More dramatic vertical and areal connectivity than seen is Belize Field are observed in the Tomboco Field CN6 reservoir. The TA6P2 well was completed in the T3 reservoir as a single completion in January 2007. The well produced at an initial rate of 24,000 bopd and began producing water within one month. The TA6P1 well was drilled in April 2007 and pressure measurements indicated pressure depletion across the entire 1,300 foot reservoir section. This was a quite unexpected result given the low net-to-gross of the reservoirs encountered, and the apparently thick (300 ft) continuous shale separating the T1 and T3 reservoirs. Lessons

learned from these pre-drill wells have enhanced the development teams understanding of the reservoirs and enabled adjustment of the development strategy. The reservoir vertical and areal connectivity behavior represents a high-end outcome.

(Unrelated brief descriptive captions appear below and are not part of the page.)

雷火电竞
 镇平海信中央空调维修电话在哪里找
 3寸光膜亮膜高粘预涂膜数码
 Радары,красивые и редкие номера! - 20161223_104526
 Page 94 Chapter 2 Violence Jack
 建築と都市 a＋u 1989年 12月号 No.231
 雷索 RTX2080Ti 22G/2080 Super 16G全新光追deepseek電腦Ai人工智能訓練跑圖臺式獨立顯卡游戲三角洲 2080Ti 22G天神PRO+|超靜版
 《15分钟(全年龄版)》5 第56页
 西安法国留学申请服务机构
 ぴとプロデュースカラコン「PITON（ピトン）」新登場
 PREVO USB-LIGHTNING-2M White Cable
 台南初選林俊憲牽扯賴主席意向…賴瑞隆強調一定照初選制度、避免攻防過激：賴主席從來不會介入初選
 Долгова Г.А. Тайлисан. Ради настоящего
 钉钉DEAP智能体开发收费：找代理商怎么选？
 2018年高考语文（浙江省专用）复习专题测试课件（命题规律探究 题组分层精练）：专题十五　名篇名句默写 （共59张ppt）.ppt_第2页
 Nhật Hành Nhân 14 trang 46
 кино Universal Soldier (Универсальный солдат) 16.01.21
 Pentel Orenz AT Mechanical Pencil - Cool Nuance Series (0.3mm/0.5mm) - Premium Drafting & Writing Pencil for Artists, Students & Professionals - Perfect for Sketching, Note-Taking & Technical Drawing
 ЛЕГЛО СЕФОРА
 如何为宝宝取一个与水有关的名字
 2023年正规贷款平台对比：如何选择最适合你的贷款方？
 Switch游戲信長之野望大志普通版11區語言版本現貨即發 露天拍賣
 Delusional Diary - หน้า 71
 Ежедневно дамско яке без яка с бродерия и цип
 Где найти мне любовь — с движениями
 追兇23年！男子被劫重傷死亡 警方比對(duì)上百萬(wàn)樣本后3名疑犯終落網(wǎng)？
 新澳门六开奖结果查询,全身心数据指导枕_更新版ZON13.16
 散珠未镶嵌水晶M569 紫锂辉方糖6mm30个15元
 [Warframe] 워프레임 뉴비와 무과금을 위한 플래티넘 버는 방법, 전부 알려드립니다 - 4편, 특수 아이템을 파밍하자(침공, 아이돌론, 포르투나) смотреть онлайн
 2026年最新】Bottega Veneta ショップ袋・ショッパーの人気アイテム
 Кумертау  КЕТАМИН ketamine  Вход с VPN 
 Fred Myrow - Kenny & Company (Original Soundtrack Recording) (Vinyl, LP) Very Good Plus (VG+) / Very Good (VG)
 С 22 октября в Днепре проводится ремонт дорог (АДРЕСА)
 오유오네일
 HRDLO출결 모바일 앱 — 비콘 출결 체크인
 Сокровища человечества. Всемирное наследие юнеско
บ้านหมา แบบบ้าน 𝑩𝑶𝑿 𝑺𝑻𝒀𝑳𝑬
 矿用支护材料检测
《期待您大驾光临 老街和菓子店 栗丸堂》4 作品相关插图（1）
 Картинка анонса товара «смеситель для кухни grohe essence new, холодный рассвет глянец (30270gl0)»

The mechanism explaining this high level of connectivity is not fully understood but includes erosional amalgamation, injection or remobilization of sands, sandy shales, and faulting, fracturing, and sand juxtaposition.

 

Conclusions

 

Production data indicates that the reservoir models tend to under-predict sustained production rates on primary depletion. This will allow us to delay water injection for a few months to gather primary reservoir depletion data, and may reduce need for water injection in certain cases. The use of down-hole surveillance with pressure gauges is a key to gathering this critical data and managing subsurface uncertainties. Use of the erode/dilate and MPS GOCAD modeling tools provide a quick and effective method for increasing model connectivity to match dynamic pressure performance.

 

A key challenge still facing the BBLT Field development team is to understand the observed reservoir connectivity mechanisms and their impact on water-flood sweep efficiency. In addition, the drilling of long reach wells to develop thinly bedded and sometimes low net to gross reservoirs will continue to present a technical and economic challenge to the project.